Eisai Co., Ltd. and Biogen Inc. have announced the completion of Eisai's rolling submission of a Biologics License Application (BLA) to the U.S. Food and Drug Administration (FDA) for lecanemab-irmb (LEQEMBI®) subcutaneous autoinjector. This new formulation is intended for weekly maintenance dosing in patients with Mild Cognitive Impairment (MCI) or mild dementia stage Alzheimer's disease (early AD), and the application has been granted Fast Track designation by the FDA.
The BLA is based on data derived from the Clarity AD (Study 301) open-label extension (OLE) and modeling of observed data. If approved, the lecanemab autoinjector will allow for administration at home or in medical facilities, with an injection process expected to take approximately 15 seconds. This subcutaneous option is designed to maintain effective drug concentrations, sustaining the clearance of toxic protofibrils even after amyloid-beta (Aβ) plaque has been cleared from the brain.
Clinical Significance of Subcutaneous Lecanemab
Alzheimer's disease is characterized by an ongoing neurotoxic process that continues even after plaque deposition. Data suggest that early and continuous treatment may prolong the therapeutic benefits, even post-plaque clearance. The subcutaneous autoinjector is anticipated to be more user-friendly for patients and caregivers, potentially decreasing the necessity for hospital visits and specialized nursing care compared to intravenous (IV) administration.

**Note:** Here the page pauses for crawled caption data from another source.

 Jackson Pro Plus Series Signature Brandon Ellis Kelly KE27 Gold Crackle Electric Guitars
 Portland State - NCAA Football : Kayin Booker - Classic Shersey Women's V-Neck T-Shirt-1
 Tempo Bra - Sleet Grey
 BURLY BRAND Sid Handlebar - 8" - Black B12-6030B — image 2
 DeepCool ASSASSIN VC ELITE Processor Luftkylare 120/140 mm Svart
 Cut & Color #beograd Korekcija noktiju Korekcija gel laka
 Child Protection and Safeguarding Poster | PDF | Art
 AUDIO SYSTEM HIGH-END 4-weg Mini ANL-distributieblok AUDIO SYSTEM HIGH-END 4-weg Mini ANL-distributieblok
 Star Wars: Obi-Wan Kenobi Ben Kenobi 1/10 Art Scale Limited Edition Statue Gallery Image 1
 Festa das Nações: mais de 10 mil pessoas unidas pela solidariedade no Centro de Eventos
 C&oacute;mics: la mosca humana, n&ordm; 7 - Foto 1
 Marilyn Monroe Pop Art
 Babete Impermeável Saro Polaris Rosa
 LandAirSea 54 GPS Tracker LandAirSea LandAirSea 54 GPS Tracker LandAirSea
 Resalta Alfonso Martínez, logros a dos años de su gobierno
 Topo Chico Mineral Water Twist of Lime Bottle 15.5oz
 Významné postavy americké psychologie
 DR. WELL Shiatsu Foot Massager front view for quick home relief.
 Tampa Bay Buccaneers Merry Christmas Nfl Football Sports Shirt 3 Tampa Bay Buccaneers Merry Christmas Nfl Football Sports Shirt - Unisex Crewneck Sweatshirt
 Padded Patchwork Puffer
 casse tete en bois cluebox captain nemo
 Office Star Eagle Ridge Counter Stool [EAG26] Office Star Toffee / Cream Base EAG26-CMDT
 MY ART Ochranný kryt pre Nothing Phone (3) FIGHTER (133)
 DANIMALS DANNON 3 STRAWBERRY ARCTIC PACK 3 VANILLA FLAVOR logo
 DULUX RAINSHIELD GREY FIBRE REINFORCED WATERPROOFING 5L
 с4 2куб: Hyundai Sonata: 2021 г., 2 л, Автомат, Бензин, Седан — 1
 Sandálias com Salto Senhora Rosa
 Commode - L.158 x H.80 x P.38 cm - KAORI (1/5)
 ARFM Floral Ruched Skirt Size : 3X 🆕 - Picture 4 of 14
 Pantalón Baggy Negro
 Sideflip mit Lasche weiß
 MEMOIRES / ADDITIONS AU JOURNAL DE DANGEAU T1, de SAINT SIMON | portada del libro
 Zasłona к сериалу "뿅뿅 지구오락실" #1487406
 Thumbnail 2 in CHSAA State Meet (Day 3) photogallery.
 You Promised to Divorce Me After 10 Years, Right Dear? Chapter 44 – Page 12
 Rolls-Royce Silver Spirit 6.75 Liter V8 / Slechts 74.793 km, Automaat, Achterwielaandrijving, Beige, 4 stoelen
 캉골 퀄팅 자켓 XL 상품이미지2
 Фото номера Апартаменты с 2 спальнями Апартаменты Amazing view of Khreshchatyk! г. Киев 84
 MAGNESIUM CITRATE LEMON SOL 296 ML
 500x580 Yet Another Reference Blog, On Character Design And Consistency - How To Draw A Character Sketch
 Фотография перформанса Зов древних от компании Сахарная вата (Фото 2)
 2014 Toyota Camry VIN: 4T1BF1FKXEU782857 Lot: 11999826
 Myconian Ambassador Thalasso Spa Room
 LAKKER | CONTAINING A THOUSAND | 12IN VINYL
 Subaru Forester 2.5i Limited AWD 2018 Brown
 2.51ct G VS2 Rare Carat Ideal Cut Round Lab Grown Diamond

Current Regulatory Status and Global Approvals
LEQEMBI is currently approved in the U.S., Japan, China, South Korea, Hong Kong, Israel, UAE, and Great Britain. Eisai has also submitted applications for approval in 10 other countries and regions, including the European Union (EU). The FDA accepted Eisai's Supplemental Biologics License Application (sBLA) for monthly LEQEMBI IV maintenance dosing in June 2024, with a PDUFA action date set for January 25, 2025.
Lecanemab's Mechanism and Clinical Trial Data
Lecanemab, a humanized immunoglobulin gamma 1 (IgG1) monoclonal antibody, targets aggregated soluble (protofibril) and insoluble forms of amyloid-beta (Aβ). Approvals were based on Phase 3 data from the Clarity AD clinical trial, which met its primary endpoint and all key secondary endpoints with statistically significant results. The trial demonstrated a 27% reduction in clinical decline on the Clinical Dementia Rating Sum of Boxes (CDR-SB) at 18 months compared to placebo (difference, −0.45; 95% CI, −0.67 to −0.23; P<0.001).